If you happen to be in Sendai and looking for what to eat, then how about giving gyutan a try? Gyutan is basically beef tongue grilled over charcoal, served with ox tail soup, barley rice, and pickled vegetables. A Sendai city original and favorite, the cuisine is now so popular that is known nationwide and is even served in a few Tokyo restaurants. It's popularity is in no doubt thanks to gyutan's interesting history and creative variations. There are over a hundred restaurants in the city serving this tasty treat, but you should skip the rest and stick with the best at Aji Tasuke (味太助), the birthplace of gyutan.

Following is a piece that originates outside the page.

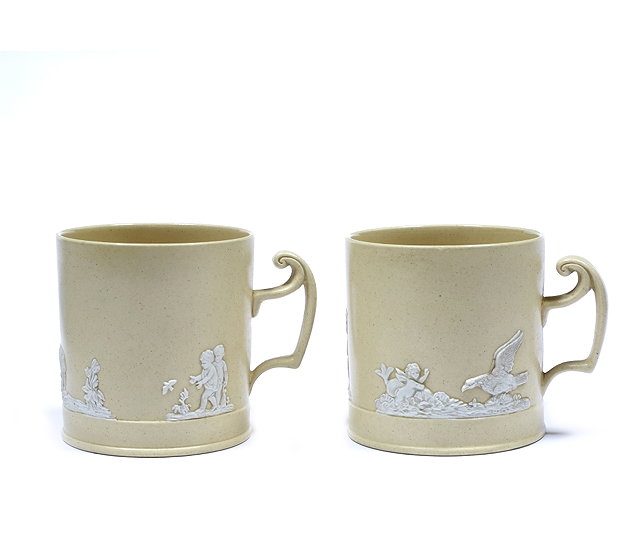 Appraisal: A pair of Brameld caneware cylindrical cups th Centuryeach with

Keishiro Sano, the original owner of Aji Tasuke since it opened in 1948, learned about the rich flavours beef tongue could produce from a French chef. He tweaked the flavour to make it more suitable to the Japanese pallet, and before long the food became a hit. When Keishiro passed away on 15th March 1994, his eldest son Kazuo took over the restaurant. Even among the stiff competition of so many restaurants and two Sendai gyutan chain restaurants (Rikyu and Kisuke), Aji Tasuke still remains a popular option for gyutan dining.

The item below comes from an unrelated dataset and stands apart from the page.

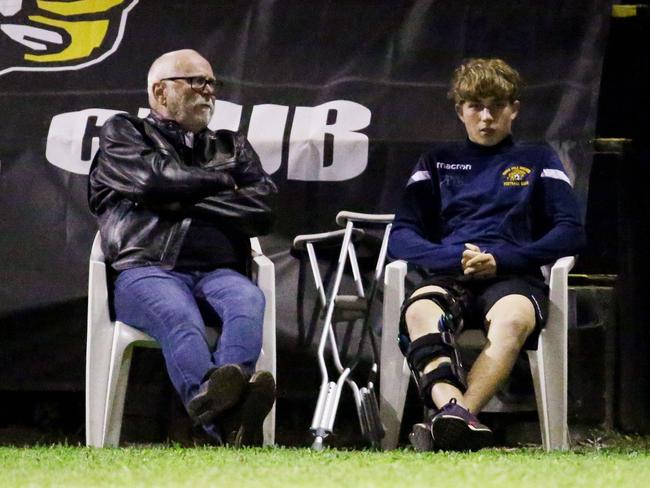 Edge Hill striker Ben McDonnell (right) sits on the sideline with a broken knee. Picture: Brendan Radke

Located about a seven minute walk from Hirosedori subway station or five minutes from Kotaodaikoen station, Tasuke is right in the heart of downtown. Inside, the ambience of the restaurant felt really cosy and comfortable like I was in someone else's home. If you look around the restaurant you will notice that it looks just like a living room with an open kitchen. I ordered the 1900 yen set meal which includes four beef tongues, steamed white rice, oxtail soup and a glass of barley tea. There are a few other options, such as the set meal with three beef tongues for 1600 yen, or just the beef tongue itself. They have lunch specials which are about 100 yen less than the dinner course.
The beef tongue was chewy and full of flavour. It was fresh and grilled to perfection. If you are sitting by the table facing the chef, you will be able to see everything, from the moment they grill the tongues and how they prepare the oxtail soup. The oxtail soup was really tender and it was mild in flavour when compared to the beef tongue. Add the rice and pickles and the meal balances out to create a really nice combination.
If you're coming to Sendai, you have to try gyutan at least once. And if it is only going to be once, make a trip to Aji Tasuke.